Grassroots Tyranny: The Limits of Federalism.

AuthorMcClaughry, John

The essence of federalism, argues Clint Bolick, is the protection of individual liberty, the paramount constitutional value. Counterbalancing power between the states and the national government helps ensure that both exercise their prescribed powers efficiently and that neither exercises unrestrained power.

In Grassroots Tyranny Bolick, a civil rights lawyer with the Institute for Justice in Washington, laments the destruction of this true federalist ideal by two mutually opposed groups of villains. In its place, in addition to federal tyranny, we have now acquiesced in a grass-roots tyranny of state governments and their creatures, some 82,000 (!) city, town, township, county, and special-district entities, each demanding a piece of its hapless citizens. What appear to be the two opposing poles in the contemporary federalism debate are actually united in one crucial belief: that individual liberty is but a minor consideration in the distribution and exercise of governmental powers.

Most of those who pass for "conservatives" are proponents of "states' rights federalism," a hoary legacy of the days of human slavery. To this camp, whose archetypes are former Judge Robert Bork and former Attorney General Edwin Meese III, the 10th Amendment, which reserves powers to the states, is all important, and the Ninth Amendment, with its admittedly nebulous declaration of rights retained by the people, is a nullity. Meese, at least, opposes the idea that the Bill of Rights, written to restrain Congress, became with the 14th Amendment applicable to state and local governments as well.
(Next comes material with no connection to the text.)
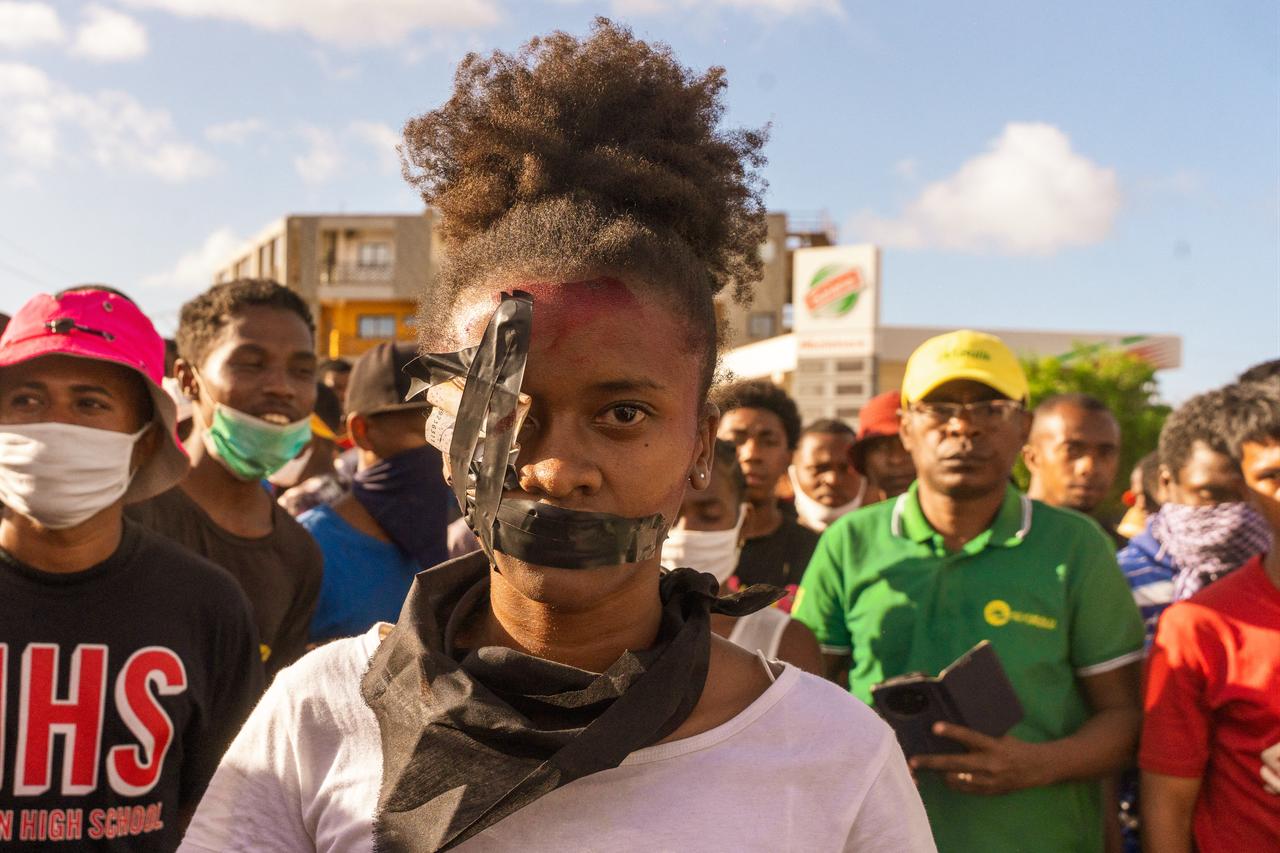 A protester wears tape over her mouth and one eye as they march during a protest calling for constitutional reforms and the resignation of President Andry Rajoelina in Antsiranana on October 10, 2025. (AFP Photo )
These conservatives animadvert against federal mandates on the states and federal judges who interfere with stale law making, so long as those laws do not clearly contravene the Constitution and are adopted democratically by a majority. (One may wonder where Counselor Meese was when President Reagan signed the bill to make federal highway grants contingent upon the recipient state's raising its drinking age to 21.) This view is neatly summarized in a quotation from political scientist Stephen Macedo: "When conservatives like Bork treat rights as islands surrounded by a sea of government powers, they precisely reverse the view of the Founders as enshrined in the Constitution, wherein government powers are...rendered as islands surrounded by a sea of individual rights."

The other group of federalism wreckers are social-action liberals, typified at one time by Louis D...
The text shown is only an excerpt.